During the Korean War and the 1950s, units training at the field were from Colorado, Indiana, Kansas, New York, North and South Dakota, Minnesota, Missouri, Washington, D.C. and Wisconsin. In 1954, the Federal Government leased the field from the state of Wisconsin for use as a Permanent Field Training Site (PFTS). That same year the Hardwood Air-to-Ground Gunnery Range opened near Finley, Wisconsin. The CRTC manages Hardwood Range which comprises 7,929 acres, along with 11,200 square miles of special use airspace. The first jet aircraft landed on the airfield in 1955. In honor of First Lieutenant Jerome A. Volk, the first Wisconsin ANG pilot to be killed in the Korean War, the Wisconsin State Legislature renamed the PFTS to Volk Field in 1957.
During the 1960s, Volk Field was activated as a Dispersed Operating Base for the Active Duty Air Defense Mission from Duluth, Minnesota, with over 200 personnel. In 1970, the unit was reassigned as Detachment 1, 87 Fighter Interceptor Squadron, K. I. Sawyer Air Force Base and subsequently deactivated in 1974. The base was then exclusively controlled by the Air National Guard.
In the 1980s, Volk Field ANGB began year-round operations for training the Wisconsin ANG, along with all services and some foreign countries. Joint tactical training developed in 1983, when the Wisconsin Department of Military Affairs hosted the Sentry Independence Composite Force Training exercises. New equipment and missions, such as the Air Combat Maneuvering Instrumentation System and Air Base Operability program, were added at the end of the decade.
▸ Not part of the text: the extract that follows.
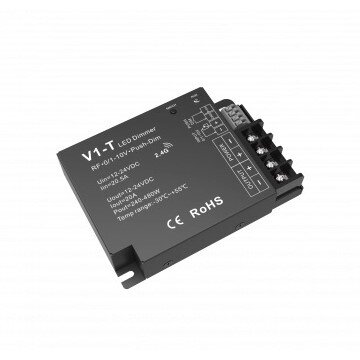 DIM LED Controller, 12-24V, 20A, 1 Channel, Remote Control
On June 13, 1990, the site was designated the "ANG Combat Readiness Training Center" with authorizations for seven officers and 55 enlisted personnel. Volk Field played an important role during Desert Shield/Storm as an Aerial Port of Embarkation (APOE) supporting Army deployments to the Gulf War. It supported the transition of 137 strategic and civilian airlift aircraft, including C-5, C-141, B-747, DC-10, L-1011 and DC-8. The results were the movement of 15,471 passengers, 3,866 tons of cargo and the upload of 2,410,795 pounds of fuel. Several Air Force tests were conducted at Volk Field during this period to include the Airfield Mobile Lighting System and the Runway Marker System which were deployed in the war. A five year Department of Defense test of Camouflage, Concealment and Deception, was hosted by the CRTC immediately following the Desert Storm conflict.
Ready Norseman replaced the Sentry Independence exercises and provided more opportunities for aircrews to practice dissimilar aircraft combat tactics and increase their readiness skills. Exercises such as these are expected to prepare the newly formed Aerial Expeditionary Forces (AEF) as they enter their "spin up" phases.
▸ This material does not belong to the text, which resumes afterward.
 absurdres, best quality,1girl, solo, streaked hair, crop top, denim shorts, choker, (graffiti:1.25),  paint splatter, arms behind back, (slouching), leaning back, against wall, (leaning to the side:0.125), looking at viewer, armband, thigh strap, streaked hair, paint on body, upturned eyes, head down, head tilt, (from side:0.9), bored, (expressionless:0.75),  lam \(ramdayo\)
Modernization of Volk Field facilities and equipment continues. An $8 million ramp project was completed in 1993 and a new Radar Approach Control facility was opened in 1995. Fire training and hot pit refueling facilities were added in 1998 and a $10 million runway reconstruction is being accomplished in 1999. Other projects being proposed include Hardwood Range expansion, new dormitories, motor vehicle maintenance, supply warehouse, and an assembly hall.
In 1995, the Wisconsin Military Academy (WMA) moved from Camp Williams to Fort McCoy. Through cooperation with the Department of Health and Human Services and the Department of Military Affairs (DMA), a Youth Leadership Training Center was established on a portion of the transferred WMA facilities.